ГЛАВА XLVIII. ВЕЛЬБОТЫ СПУЩЕНЫ

      Призраки — ибо таковыми они тогда предстали перед нами — двигались по другой стороне палубы, бесшумно и быстро снимая тросы и крепления с висевшей там шлюпки. Эта шлюпка всегда считалась у нас запасной, хотя и называлась капитанской, из-за того что висела на шканцах у правого, борта. На носу в ней стояла теперь высокая темнолицая фигура с единственным белым зубом, зловеще торчащим между серо-стальных губ. Облачение этого человека состояло из сильно помятой черной хлопчатобумажной китайской куртки и таких же точно широких черных штанов. Но всю эту эбеновую погребальную черноту удивительнейшим образом увенчивал сверкающий белый витой тюрбан, под которым были уложены вокруг головы скрученные в косу волосы. Его помощники казались менее смуглолицыми, их кожа имела тот яркий, тигрово-желтый оттенок, какой присущ некоторым из древних и исконных обитателей Филиппин — этому племени, известному своим дьявольским коварством, из-за чего многие простодушные белые матросы считают их платными шпионами и тайными агентами дьявола на воде, а контора их повелителя, как полагают матросы, находится где-то в другом месте.
      Экипаж корабля все еще в замешательстве разглядывал этих неведомых людей, когда раздался голос Ахава, обращавшегося к старику в белом тюрбане, который командовал ими:
      — Все готово, Федалла?
      — Готово, — прошипел тот в ответ.
      — Спустить вельботы на воду! — гаркнул Ахав через всю палубу. — Слышите?
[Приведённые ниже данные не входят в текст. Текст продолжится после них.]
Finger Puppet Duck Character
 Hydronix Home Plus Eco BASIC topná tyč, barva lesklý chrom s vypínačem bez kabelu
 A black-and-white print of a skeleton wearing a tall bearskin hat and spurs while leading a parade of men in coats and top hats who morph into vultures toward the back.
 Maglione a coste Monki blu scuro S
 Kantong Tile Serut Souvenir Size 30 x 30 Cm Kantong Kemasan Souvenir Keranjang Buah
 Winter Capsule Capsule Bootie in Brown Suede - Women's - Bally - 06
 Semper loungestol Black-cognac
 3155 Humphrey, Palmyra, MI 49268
Спустить вельботы!
      В голосе его была такая громовая сила, что матросы, несмотря на свое замешательство, тут же перепрыгнули через планшир; закрутились, завизжали блоки; три вельбота с размаху плюхнулись на воду; а люди с проворством и бесстрашием, обычными только среди китобоев, попрыгали, словно козы, с борта в лодки, раскачивавшиеся на волнах далеко внизу.
      Но едва только они отгребли с подветренной стороны, как, обогнув корму, из-под противоположного борта показалась четвертая лодка с теми же пятью незнакомцами на веслах и Ахавом, который, стоя на корме во весь рост, громко крикнул Старбеку, Стаббу и Фласку, чтобы они растянулись по воде подальше друг от друга, охватив как можно более широкое пространство. Но все взоры снова были прикованы к темнолицему Федалле и его команде, и поэтому на вельботах не услышали приказа.
      — Простите, капитан? — переспросил Старбек.
      — Растянитесь, — крикнул Ахав. — Пошире! Все четыре лодки. Эй, Фласк, спускайся ниже по ветру!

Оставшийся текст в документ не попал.